After the user has selected a source file, the GUI has to know if this kind of file can contain noise, and how many bits per unit it can carry. A FileType
factory can help with that. FileType.CreateFileType
returns an object with all the properties we need to adapt the dialog:
But, when we finally hide the secret message, don't we need to know what exactly a carrier unit is? No, only the specialized utility classes have to know something about the content. Outside these classes, there are only FileType
and FileUtility
. FileUtility.CreateFileUtility
takes a file name and returns an instance of the correct class.
Gathering Carrier Units
Before we start hiding a message, we have to know if the carrier files are big enough. That means, whenever a key or a carrier file is selected, we must count the carrier units and useable carrier units. Counting units is easy, because we don't have to know what exactly we are counting:
CarrierFile carrierFile;
long countAvailableUnits = 0;
for(int n=0; n<listviewCarrierFiles.Items.Count; n++){
carrierFile = (CarrierFile)listviewCarrierFiles.Items[n].Tag;
FileUtility utility = FileUtility.CreateFileUtility(carrierFile);
carrierFile.CountUseableCarrierUnits =
utility.CountUseableUnits(key) *
carrierFile.CountBitsToHidePerCarrierUnit;
countAvailableUnits += carrierFile.CountUseableCarrierUnits;
}
displayCountOfUnitsHide.CountAvailableCarrierUnits = countAvailableUnits;
Once we have a list of files with enough carrier units, the interesting part begins.

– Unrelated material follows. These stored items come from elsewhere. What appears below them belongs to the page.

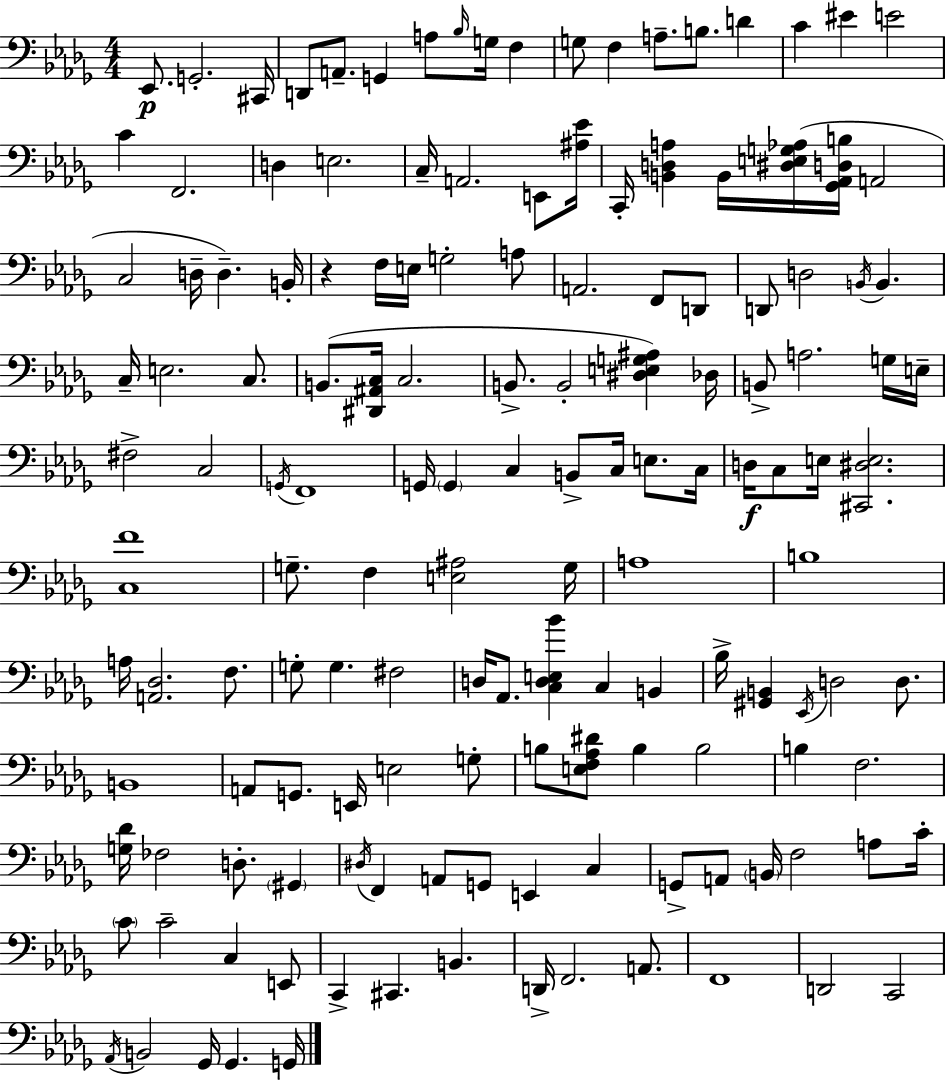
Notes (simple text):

Eb2/e. G2/h. C#2/s D2/e A2/e. G2/q A3/e Bb3/s G3/s F3/q G3/e F3/q A3/e. B3/e. D4/q C4/q EIS4/q E4/h C4/q F2/h. D3/q E3/h. C3/s A2/h. E2/e [A#3,Eb4]/s C2/s [B2,D3,A3]/q B2/s [D#3,E3,G3,Ab3]/s [Gb2,Ab2,D3,B3]/s A2/h C3/h D3/s D3/q. B2/s R/q F3/s E3/s G3/h A3/e A2/h. F2/e D2/e D2/e D3/h B2/s B2/q. C3/s E3/h. C3/e. B2/e. [D#2,A#2,C3]/s C3/h. B2/e. B2/h [D#3,E3,G3,A#3]/q Db3/s B2/e A3/h. G3/s E3/s F#3/h C3/h G2/s F2/w G2/s G2/q C3/q B2/e C3/s E3/e. C3/s D3/s C3/e E3/s [C#2,D#3,E3]/h. [C3,F4]/w G3/e. F3/q [E3,A#3]/h G3/s A3/w B3/w A3/s [A2,Db3]/h. F3/e. G3/e G3/q. F#3/h D3/s Ab2/e. [C3,D3,E3,Bb4]/q C3/q B2/q Bb3/s [G#2,B2]/q Eb2/s D3/h D3/e. B2/w A2/e G2/e. E2/s E3/h G3/e B3/e [E3,F3,Ab3,D#4]/e B3/q B3/h B3/q F3/h. [G3,Db4]/s FES3/h D3/e. G#2/q D#3/s F2/q A2/e G2/e E2/q C3/q G2/e A2/e B2/s F3/h A3/e C4/s C4/e C4/h C3/q E2/e C2/q C#2/q. B2/q. D2/s F2/h. A2/e. F2/w D2/h C2/h Ab2/s B2/h Gb2/s Gb2/q. G2/s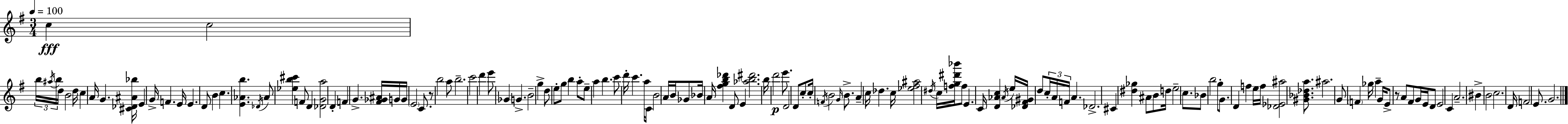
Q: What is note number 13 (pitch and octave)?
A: G4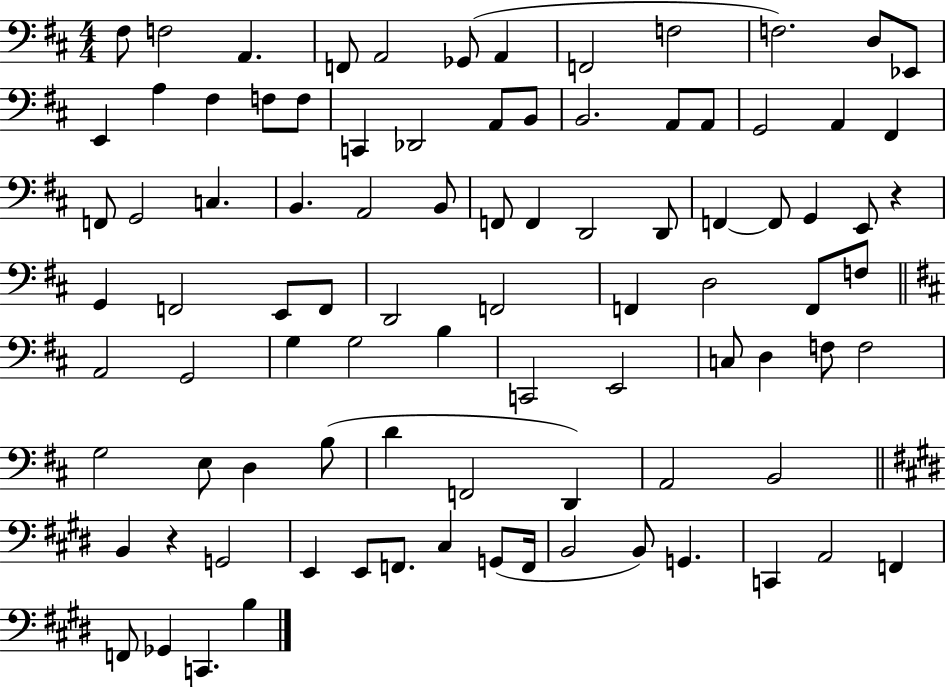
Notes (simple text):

F#3/e F3/h A2/q. F2/e A2/h Gb2/e A2/q F2/h F3/h F3/h. D3/e Eb2/e E2/q A3/q F#3/q F3/e F3/e C2/q Db2/h A2/e B2/e B2/h. A2/e A2/e G2/h A2/q F#2/q F2/e G2/h C3/q. B2/q. A2/h B2/e F2/e F2/q D2/h D2/e F2/q F2/e G2/q E2/e R/q G2/q F2/h E2/e F2/e D2/h F2/h F2/q D3/h F2/e F3/e A2/h G2/h G3/q G3/h B3/q C2/h E2/h C3/e D3/q F3/e F3/h G3/h E3/e D3/q B3/e D4/q F2/h D2/q A2/h B2/h B2/q R/q G2/h E2/q E2/e F2/e. C#3/q G2/e F2/s B2/h B2/e G2/q. C2/q A2/h F2/q F2/e Gb2/q C2/q. B3/q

First, we build a list of all available carrier files:
private CarrierFile[] ListCarrierFiles( ListView listview,
long messageLength, float countAvailableUnits)
{
CarrierFile[] carrierFiles = new CarrierFile[listview.Items.Count];
long sumCountBytesToHide = 0;
long maxCountBytesToHide = 0;
int indexMaxCountBytesToHide = 0;
for(int n=0; n<carrierFiles.Length; n++){
carrierFiles[n] = (CarrierFile)listview.Items[n].Tag;
if(messageLength > 0){
carrierFiles[n].CountBytesToHide = (Int32)Math.Ceiling(
(float)messageLength *
((float)carrierFiles[n].CountUseableCarrierUnits
/ countAvailableUnits) );
sumCountBytesToHide += carrierFiles[n].CountBytesToHide;
if(carrierFiles[n].CountBytesToHide > maxCountBytesToHide)
{
maxCountBytesToHide = carrierFiles[n].CountBytesToHide;
indexMaxCountBytesToHide = n;
}
}
else
{
carrierFiles[n].CountBytesToHide = 0;
}
}
if(sumCountBytesToHide > messageLength){
carrierFiles[indexMaxCountBytesToHide].CountBytesToHide
-= (Int32)(sumCountBytesToHide - messageLength);
}
return carrierFiles;
}
Now that we have the complete list of carriers, we are able to cut off parts of the message and use the FileUtiliy
classes to hide them:
Stream message = GetMessageStream();
Stream key = GetKeyStream();
float countAvailableUnits =
displayCountOfUnitsHide.CountAvailableCarrierUnits;
long messageLength = message.Length + (4*lvHideCarriers.Items.Count);
CarrierFile[] carrierFiles = ListCarrierFiles(
lvHideCarriers,
messageLength,
countAvailableUnits);
FileUtility utility;
Stream messageWithCount;
for(int n=0; n<carrierFiles.Length; n++){
messageWithCount = GetMessagePart(message,
carrierFiles[n].CountBytesToHide);
utility = FileUtility.CreateFileUtility(carrierFiles[n]);
utility.Hide(messageWithCount, key);
}
Extracting the message later on is not much different, except we do not know the length of the message yet:
Stream message = new MemoryStream();
Stream key = GetKeyStream();
CarrierFile[] carrierFiles = ListCarrierFiles(lvExtractCarriers, 0, 0);
FileUtility utility;
Stream messagePart = new MemoryStream();
byte[] buffer;
for(int n=0; n<carrierFiles.Length; n++){
utility = FileUtility.CreateFileUtility(carrierFiles[n]);
messagePart.SetLength(0);
utility.Extract(messagePart, key);
buffer = new byte[messagePart.Length];
messagePart.Seek(0, SeekOrigin.Begin);
messagePart.Read(buffer, 0, buffer.Length);
message.Write(buffer, 0, buffer.Length);
}
messagePart.Close();
message.Seek(0, SeekOrigin.Begin);
if(rdoExtractMsgFile.Checked){
FileStream fs = new FileStream(txtExtractMsgFile.Text, FileMode.Create);
buffer = new byte[message.Length];
message.Read(buffer, 0, buffer.Length);
fs.Write(buffer, 0, buffer.Length);
fs.Close();
message.Close();
}else{
StreamReader reader = new StreamReader(message, Encoding.Unicode);
txtExtractMsgText.Text = reader.ReadToEnd();
reader.Close();
}
Should we do it or not? Noise in an image/sound - visible or not - is always a hint that the file may contain hidden data. But without additional noise, the key used to locate the pixels or samples can be reconstructed from the original file and the carrier file. We'll let the users decide for themselves how much of each file they want covered with random values.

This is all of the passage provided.